According to Boeing, Chinese airlines will require about 6,330 new planes worth around 950 billion U.S. dollars over the next two decades, which accounts for about 17 percent of the global total.
Meanwhile, Airbus China said that since 2010, the number of new aircraft deliveries have remained above 100 every year, with a total of 158 aircraft delivered last year, representing about one quarter of the total number in the Asia Pacific region.
Over the next 20 years, Airbus expects China to require about 5,400 new planes, comprising 40 percent of deliveries for the whole Asia Pacific region.
China's annual economic growth has dropped to its lowest level since 1990 at 6.9 percent last year, and emerging markets in the region have also encountered major fluctuations in stock markets, therefore, concerns have been voiced about whether the slowdown of regional economic growth, especially the slowdown of China, would pose risks to the aviation market during the airshow.
John Leahy, Chief Operating Officer of Customers of Airbus said that he expects to see double digit growth in terms of aviation traffic in the Chinese market every year, while Fabrice Bregier, Airbus President and CEO stressed the company's confidence in the still burgeoning Chinese market.
"We don't see the slowdown, our competitors don't see it, our customers don't see it, we have never been so happy," he said.
Despite cooling GDP growth, total consumption in China has been climbing, which contributed 66.4 percent to economic growth last year and becoming a new growth driver for the world's second largest economy, while tourism has also notably expanded.
According to statistics from the Civil Aviation Administration of China, it is estimated that passengers made a total of 440 million trips in 2015, up 11.4 percent on year. International routes also registered an explosion, increasing to 660 international routes.
It's the strong growth that keeps new orders flooding into the books of these aviation giants.
On the second day of the Singapore Airshow, China's Okay Airways signed a contract for 12 Boeing 737 jets, making it the first Chinese airline to order the 737 MAX 9 series.
Multinational conglomerate Honeywell have been present in the Chinese market for decades. Its Asia Pacific Business Development Director Paul Nef told Xinhua that China, as a huge market, still has great potential in the aviation industry.
"Most major cities in China now have airports, but many of the middle-sized cities don't have as of yet.
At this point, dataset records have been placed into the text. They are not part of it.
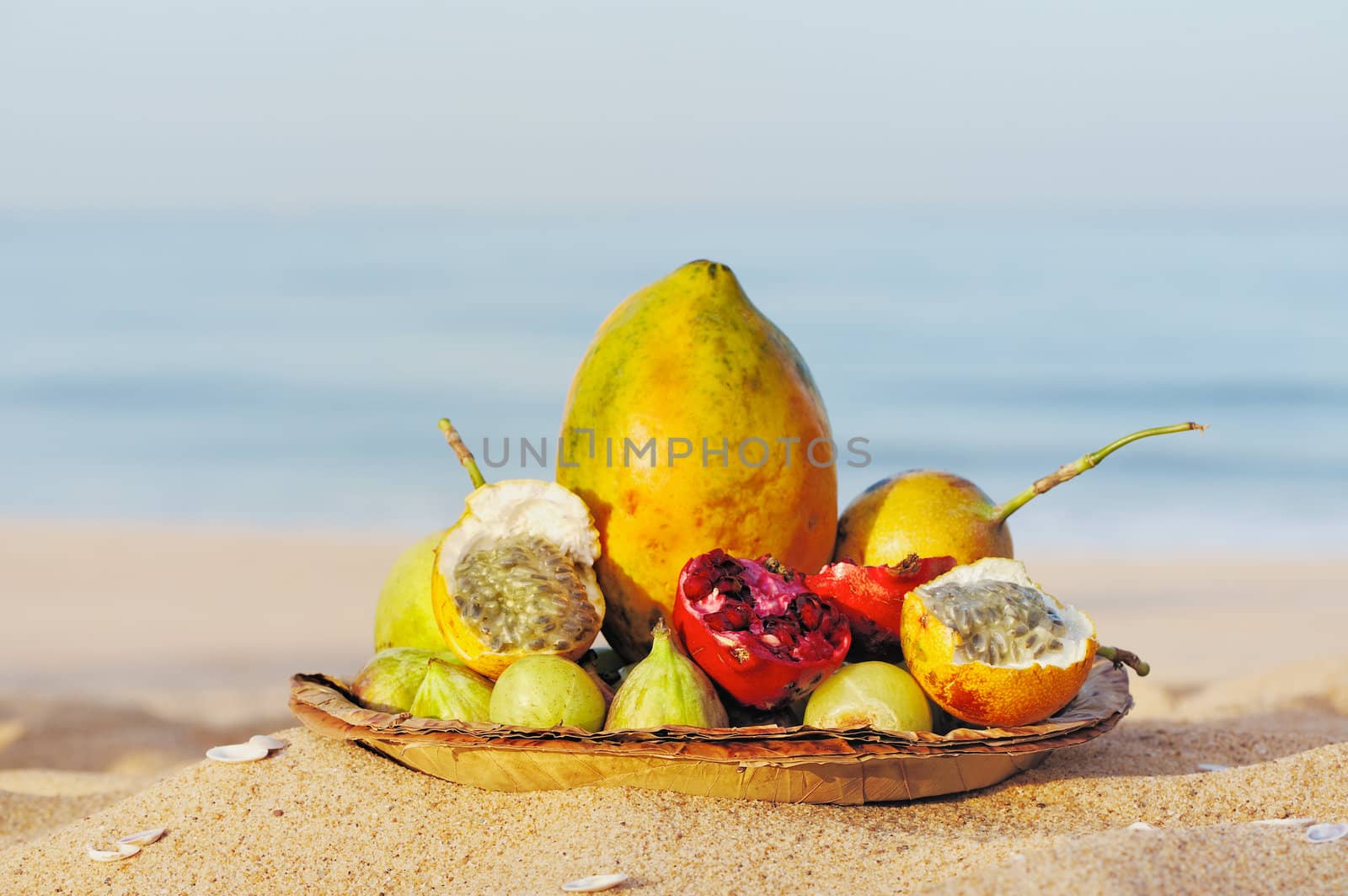 Exotic tropical fruit on the leaves plate, on the sandy beach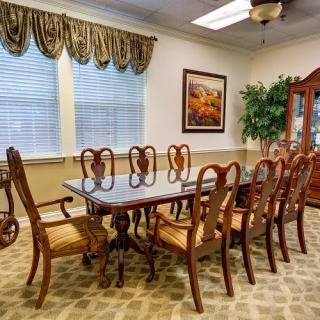 A traditional dining room featuring a large wooden table with matching chairs, elegant drapery, and tasteful decor.
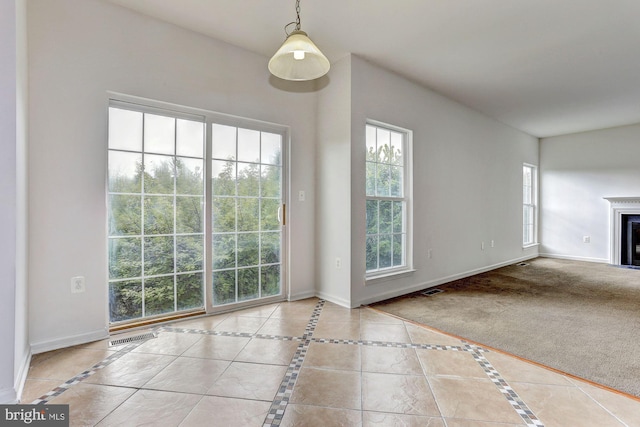 unfurnished living room with a wealth of natural light and light tile patterned flooring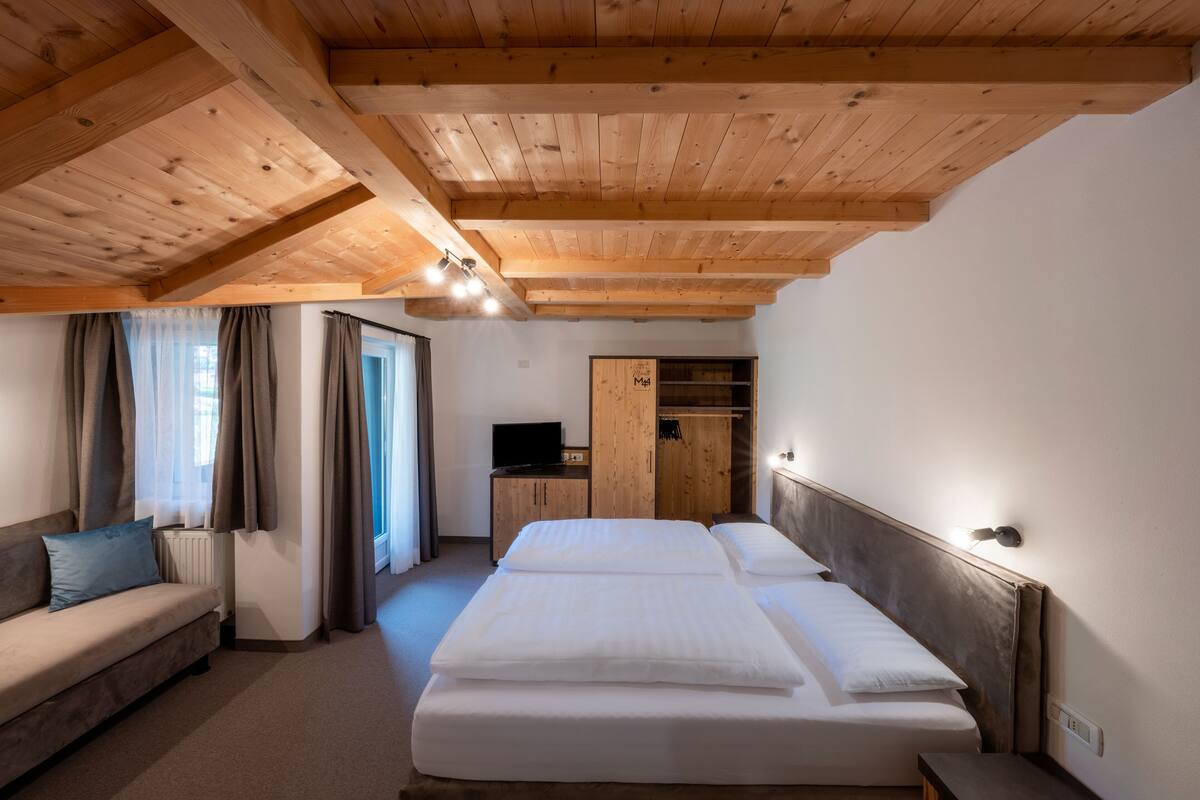 A bedroom with a wooden ceiling, a sofa, a bed, a TV, and a wardrobe.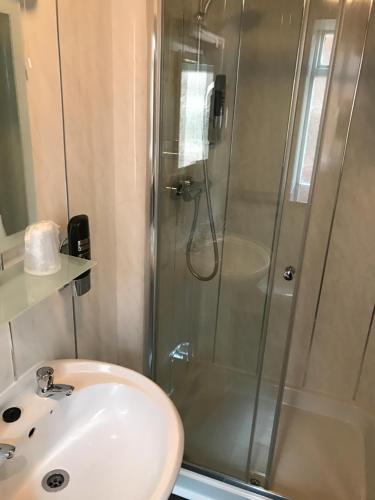 a bathroom with a shower and a sink at Queens Plaza Hotel in Blackpool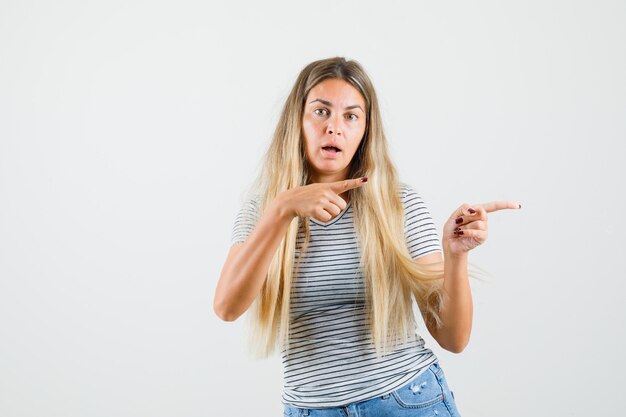 脇を向いて注意深く見ているTシャツの美しい女性、正面図。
A middle-sized city can be seen as a major city in other countries, so there's plenty of potential in China."
Nef has been in China since 1981, who now speaks fluent Chinese. He said that Honeywell has been cooperating with Chinese companies including the Commercial Aircraft Corporation of China Ltd. as well as the Aviation Industry Corporation of China on many programs and he has also witnessed the dramatic change in the Chinese aviation industry.
And with the dynamic evolution of the aviation market, Honeywell has also adjusted its focus from facilities manufacturing to air traffic management and maintenance, overhaul and repair.
With the number of airlines growing, some companies are looking for international companies such as Honeywell to outsource their operations and maintenance services to. That, from Nef's point of view, would create a new growth area in the Chinese aviation market.
Another area with growth potential is the low-cost carrier sector, Nef said. Low cost carriers now account for an average of 30 percent of market share in North America, Europe as well as the whole of the Asia Pacific region, yet currently only accounts for 8 percent of the market share in China.
"Low cost carriers can break the traditional idea of the aviation industry and create a new model of affordable travel. Especially for short-haul flights, low cost carriers definitely fit market demand here," he said.